Monday, May 16, 2022

We interrupt these moodlings for gardening

As happens every year at this time, I realize that I have been neglecting my online moodlings. Never on purpose -- my head has moodling thoughts all the time -- it's just that life gets really busy with all that needs to happen outdoors. 

So you may not be hearing from me much over the next few weeks. If I get a chance, I'll post pictures of what's happening around the yard, but then again, maybe not.

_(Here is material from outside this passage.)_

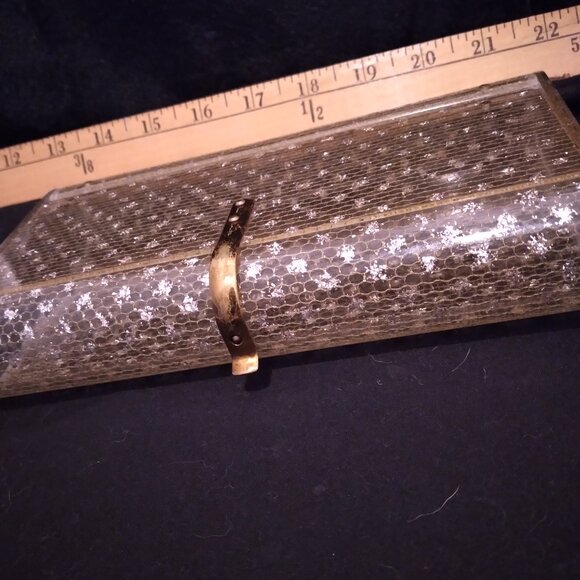 Clutch Vintage Lucite - 1950s - Gold Stardust Pattern - Picture 6 of 6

In the meantime, here are a few images of our earliest blossoms to entertain you...

small yellow crocus

ever present violas

my favourites right now -- tulipa

and a few Dutch beauties

We worked very hard on Friday and Saturday to reduce the size of our lawn through lasagna gardening, also known as sheet mulching. Covered it with a layers of cardboard, compost, straw, and pine mulch. 





It involved a lot of rock wrestling, cardboard cutting, and wheel barrowing. I'll dig out my gardening books and figure out some good ground cover shrubs, and it will become more interesting over time. For now, it's a blank pallet with a lot of potential.

Our thanks to neighbours and friends who contributed cardboard and good will toward this future garden. If you have any ideas about what we should do with this space, I'd love to hear them! And if you don't hear from me for a while, you know where to find me -- out in the garden!

Sunday, May 8, 2022

Oh Mother How Pretty -- A lullabye for Mother's Day

For Mother's Day this year, I'm remembering a lullabye I used to sing to my kids. I'm not sure if they remember how I used to bring my guitar into their bedrooms sometimes and sing to them -- there are so many things moms remember that their children never will. Do mine remember this song, I wonder?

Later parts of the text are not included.